So some of these devices are for one handed operation and the other is a backup if the first device fails ?
They only tend, the Sticht bottom also creates friction that takes some of the load off the wraps.
So some of these devices are for one handed operation and the other is a backup if the first device fails ?
The thread is about a tender and what it does: a tender is a simple device which tends/moves a friction hitch in a desired direction. There are many possible designs. In some of the responses above, we see that if we are willing to deal with a good amount of arm movement and travel/setback, on a short friction hitch, we can run the rope thru the carabiner so that it acts like a tending device. If ya play around with that, you'll find its a little klunky, particularly on a Prusik which binds pretty hard. That conversation leads to another option which is to use one of the more nifty friction hitches which has a self tending feature allowing relatively easy movement with NO tender and virtually no setback/travel. Those hitches include the Sticht, WLR, and mine: Longhorn Agile and JRB Ascender. But most friction hitches don't have that capability and need something to tend the hitch in order to shorten the system with one hand.

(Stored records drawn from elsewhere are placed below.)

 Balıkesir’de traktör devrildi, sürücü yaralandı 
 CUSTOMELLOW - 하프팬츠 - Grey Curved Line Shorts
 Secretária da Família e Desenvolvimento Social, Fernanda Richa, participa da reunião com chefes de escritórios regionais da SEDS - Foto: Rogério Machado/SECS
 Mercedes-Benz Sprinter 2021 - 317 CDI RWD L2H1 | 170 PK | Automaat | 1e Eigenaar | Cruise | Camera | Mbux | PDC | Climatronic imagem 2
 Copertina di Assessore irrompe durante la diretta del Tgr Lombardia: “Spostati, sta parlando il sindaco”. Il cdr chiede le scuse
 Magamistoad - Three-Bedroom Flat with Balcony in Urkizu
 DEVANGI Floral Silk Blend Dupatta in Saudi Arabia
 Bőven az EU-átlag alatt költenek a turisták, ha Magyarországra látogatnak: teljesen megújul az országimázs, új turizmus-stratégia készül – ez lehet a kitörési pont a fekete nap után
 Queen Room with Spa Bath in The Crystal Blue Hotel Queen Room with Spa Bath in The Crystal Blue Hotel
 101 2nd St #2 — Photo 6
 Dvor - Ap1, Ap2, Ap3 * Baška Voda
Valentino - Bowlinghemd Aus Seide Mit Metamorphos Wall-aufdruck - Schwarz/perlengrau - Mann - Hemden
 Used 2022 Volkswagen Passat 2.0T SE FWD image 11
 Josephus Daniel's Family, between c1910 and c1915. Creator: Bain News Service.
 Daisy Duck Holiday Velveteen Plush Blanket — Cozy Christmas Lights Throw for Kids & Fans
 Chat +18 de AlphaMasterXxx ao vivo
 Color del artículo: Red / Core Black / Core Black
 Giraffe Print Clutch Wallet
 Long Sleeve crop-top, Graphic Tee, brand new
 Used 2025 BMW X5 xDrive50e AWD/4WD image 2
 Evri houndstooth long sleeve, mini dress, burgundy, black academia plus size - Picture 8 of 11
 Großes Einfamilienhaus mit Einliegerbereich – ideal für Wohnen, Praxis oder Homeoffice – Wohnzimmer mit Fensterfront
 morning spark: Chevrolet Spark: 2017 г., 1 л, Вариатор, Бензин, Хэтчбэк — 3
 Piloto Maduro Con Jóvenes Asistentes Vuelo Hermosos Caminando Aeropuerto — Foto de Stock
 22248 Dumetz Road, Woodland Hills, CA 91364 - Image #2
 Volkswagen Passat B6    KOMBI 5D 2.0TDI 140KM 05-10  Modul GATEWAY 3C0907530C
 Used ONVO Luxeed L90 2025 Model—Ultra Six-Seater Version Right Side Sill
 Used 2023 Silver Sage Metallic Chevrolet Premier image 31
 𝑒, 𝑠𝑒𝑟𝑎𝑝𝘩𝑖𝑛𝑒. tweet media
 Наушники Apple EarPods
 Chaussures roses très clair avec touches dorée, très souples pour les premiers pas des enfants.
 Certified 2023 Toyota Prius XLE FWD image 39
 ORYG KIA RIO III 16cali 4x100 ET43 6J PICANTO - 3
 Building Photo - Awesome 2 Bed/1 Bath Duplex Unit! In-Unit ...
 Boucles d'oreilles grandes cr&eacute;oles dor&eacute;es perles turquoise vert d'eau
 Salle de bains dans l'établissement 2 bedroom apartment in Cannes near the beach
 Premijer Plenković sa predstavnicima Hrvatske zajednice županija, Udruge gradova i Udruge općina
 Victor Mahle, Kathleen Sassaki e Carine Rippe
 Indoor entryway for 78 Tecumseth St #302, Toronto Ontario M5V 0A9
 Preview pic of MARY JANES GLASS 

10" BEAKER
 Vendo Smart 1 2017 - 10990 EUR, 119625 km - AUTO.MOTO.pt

The concept of using a friction hitch as a BACKUP for a mechanical device is a different topic. Thats not what this thread is about. But its a good idea and we have to evaluate what features are most important. For example, even though any of the hitches mentioned work as a backup, we really don't need the tending feature in a backup. We might be able to use something simpler to tie for a backup.

JrbTreeClimbing.com, affiliated with RockNArbor.com
A tender can also be the cord ends tied in back, or the hitch’s legs configured to push up on it. Just came up with one for long loop users. A loop is formed in back with one side of the loop, and a bight is put inside. The Double Fishermen’s bend has a longer tail which is put through the bight, stopper on the tail for security.